Are you and your family finding that having one vehicle isn’t feasible, given your schedules? Is your commute becoming a hassle? It sounds like you may be in the market for a new car!
When you begin your search, as there are so many possible options, it’s essential to consider your lifestyle and budget—not to mention, how the car may (or may not) live up to that over time.
Below are three tips to help you weigh your decision.
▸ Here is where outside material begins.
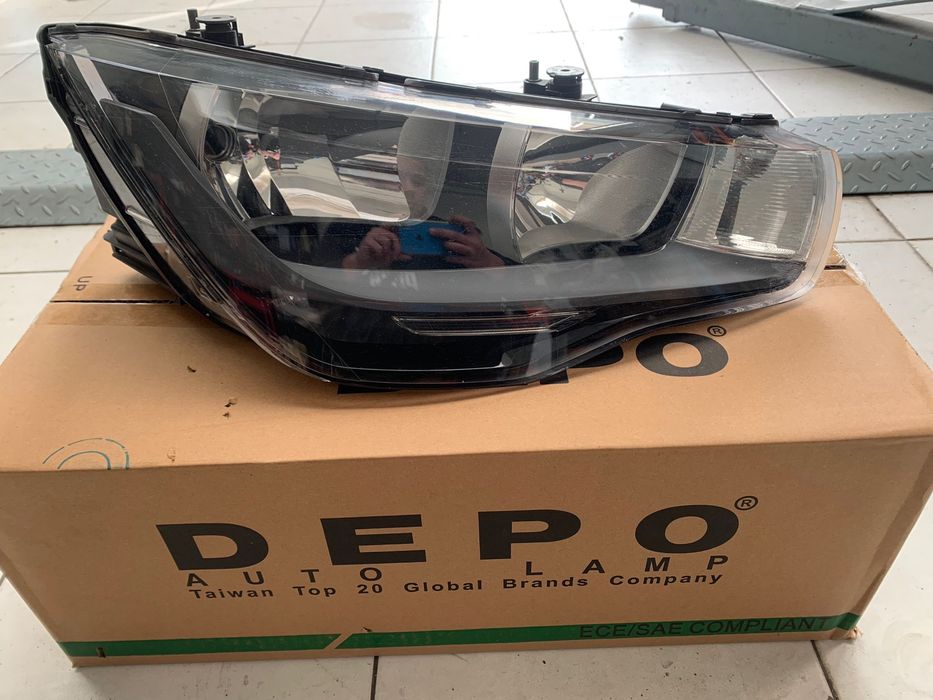 Farol direito Audi A1 Original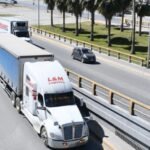 Medida restrictiva entra en vigor para camiones full en periférico de Torreón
When choosing a new vehicle, dependent on how many other vehicles you own, it’s helpful to consider your lifestyle and how you and your family operate daily. If you have a smaller family or are single, your decision may be more driven by aesthetics, meaning a sleek hatchback or sporty two-seater may be an ideal choice. Conversely, a growing family is more concerned about space, especially if they need to stash things hockey gear; even without kids, the vehicle may be used for deliveries or small business purposes. Understand where you’re at and where you plan to be during the car's lifecycle (assuming we’ll drive most cars for about seven years on average).
Safety should be another consideration; a bigger, heavier vehicle like a truck provides more crash protection than a smaller, lighter vehicle (like a Toyota Yaris, for example).
Lastly, size can impact overall fuel economy. While some like the look of, say, a Ford F-350 or Mercedes-Benz Sprinter, they cost significantly more to keep on the road.
Cost of Ownership
Looks can be deceiving, and sometimes a cheaper vehicle may not be as affordable once you factor in the actual cost of owning and driving it. The first thing to look at is fixed costs, like the sticker price, financing and interest, license and registration, depreciation (possible resell value) and the cost of insurance—which can fluctuate based on your location and the total value of the car.
Second, there are maintenance costs. Some cars, for example, may require specialized parts and services like Audi or Porsche. Others, dependent on the make, model and year, may be prone to a specific issue or failure.
While a car may initially feel like a comfortable purchase at the dealership, it may be a different story at the pump if it needs to be filled up more than expected to get you through your commutes. With the ever-fluctuating cost of gas, which hit all-time highs this summer across Canada—and the globe—mileage should be a significant factor influencing your decision.
There could be substantial savings involved with spending a little more upfront. An electric car, for example, may cost $20,000 more than a standard vehicle but considering that the cost of getting 450 km out of your Tesla Model 3 can sit around $4 dollars, the savings could be massive over the timeline of your ownership.